Uno de los signos cardinales de la demagogia contemporánea es el blitz mediático. Los demagogos se apoderan de la agenda para emitir un zumbido perpetuo, intrusivo hasta el desasosiego. Mañaneras, matutinas, informes, mítines, tuits. Sucede lo mismo en Estados Unidos que en Brasil, en Hungría que en México. El torrente es incesante.
La técnica tiene varios propósitos conexos. El primero es abrumar a los medios tradicionales, que sencillamente no tienen manera de cubrir 10 embates al día. El periodismo toma tiempo, requiere averiguación, examen. El saldo es un superávit de mentiras y un déficit de periodistas, donde las mentiras resisten el escrutinio. Incluso si son cubiertas en un inicio, es imposible seguirles la pauta a todas, de modo que la mayoría pasan de largo.
Eso, a su vez, cumple otra función: devaluar el escándalo. En la política anterior, un escándalo tenía mucho peso. Dos o tres escándalos en una administración podían ser letales, como le sucedió a Clinton, a Dilma y a Peña Nieto. Ahora los escándalos son inocuos. El ritmo acostumbra y entumece. De ahí que los demagogos parezcan de teflón, mientras otros gobernantes ya hubieran tenido que dimitir.
Después, la distracción. Los pueblos generalmente se distraen solos (no por incapacidad sino por prioridades), pero no las élites, incluidas las oposiciones políticas.
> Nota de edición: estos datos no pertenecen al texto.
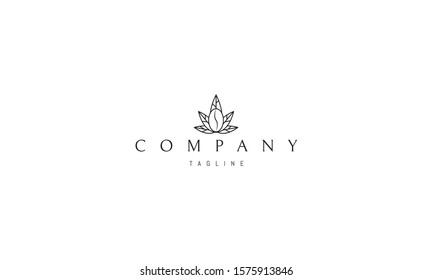 Vector Logo On Which An Abstract Image Of Cannabis Leaves With Coffee Bean In The Middle.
En ritmos normales las élites pueden responder, contener, reaccionar; pero en demagogia son movidas de un lado a otro como cardumen de sardinas, especialmente en las redes sociales. Buena parte de esos escándalos menores dispersan a los vigilantes, ya ocupados en nimiedades como este o aquel disparate. Aunado a la devaluación del escándalo, los asuntos verdaderamente importantes reciben la misma atención que los triviales.
Respecto al pueblo, el riesgo no es tanto el totalitarismo informativo, como a menudo se teme. No se trata de un aparato soviético, con su sociedad híperpolitizada. El riesgo es el opuesto: la apatía, el cansancio. Ya desde 2018 el Pew Research Center observaba un notable desinterés en la política alrededor del mundo, particularmente entre los jóvenes. Habría que medir si la intrusión demagógica tiene algo que ver con este retraimiento. Un buen termómetro serán las próximas elecciones en Estados Unidos y México, ambos gobernados por demagogos.
La pregunta es cómo responder. ¿Cómo nadar en el constante oleaje del Revolcadero? Para el periodismo, Marco Levario Turcott ofreció una respuesta razonable en mi podcast Disidencia (me disculpo por la autopromoción). Se trata de tomar “tiros de precisión”: enfocar las baterías en lo crucial. Aprender a discernir entre un cantinfleo efímero, y la amenaza a instituciones o libertades. Algo así parece estar haciendo Carlos Loret en Latinus, dándole prioridad a las primicias más significativas: corrupción, impunidad, negligencia criminal, pobreza.
Para la sociedad el reto es doble. Debe limitar la intrusión, pero sin caer en la indolencia. El magnífico ensayo de Ricardo Cayuela “Yo no: corre la voz”, en Letras Libres, es preciso: por un lado “hay que mantener espacios de la vida ajenos al inminente tsunami… que no entre en todas las conversaciones, que no consuma todas nuestras energías”. Pero, a la vez, “dar la batalla en todas las trincheras públicas en las que se pueda: universidades, medios, redes. Afiliarse a un partido de la oposición o votarlo. O fundarlo. O refundarlo”. En pocas palabras, defender simultáneamente los fueros público y privado, pues el asalto es contra ambos.